🤖 AI Summary
This work addresses the challenge of effectively combining multiple pre-trained diffusion models for controllable generation when the explicit form of the target distribution is unknown. To this end, the authors formulate the multi-model composition as a cooperative stochastic optimal control problem, wherein multiple agents jointly optimize a shared objective to collaboratively steer the generative trajectories of individual models. Departing from conventional approaches that rely on algebraic operations over probability densities, the proposed framework leverages multi-agent collaboration within an optimal control paradigm, thereby eliminating the need for an explicit representation of the target distribution.

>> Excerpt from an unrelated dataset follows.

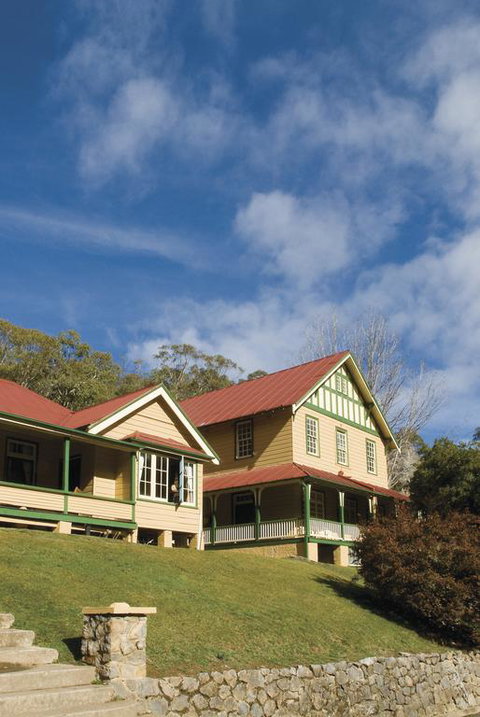 Yarrangobilly Caves House - Accommodation Gladstone 3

Experimental results on conditional MNIST generation demonstrate that the method significantly outperforms baseline approaches such as gradient-based Diffusion Posterior Sampling (DPS).
📝 Abstract
Continuous-time generative models have achieved remarkable success in image restoration and synthesis. However, controlling the composition of multiple pre-trained models remains an open challenge. Current approaches largely treat composition as an algebraic composition of probability densities, such as via products or mixtures of experts. This perspective assumes the target distribution is known explicitly, which is almost never the case. In this work, we propose a different paradigm that formulates compositional generation as a cooperative Stochastic Optimal Control problem. Rather than combining probability densities, we treat pre-trained diffusion models as interacting agents whose diffusion trajectories are jointly steered, via optimal control, toward a shared objective defined on their aggregated output. We validate our framework on conditional MNIST generation and compare it against a naive inference-time DPS-style baseline replacing learned cooperative control with per-step gradient guidance.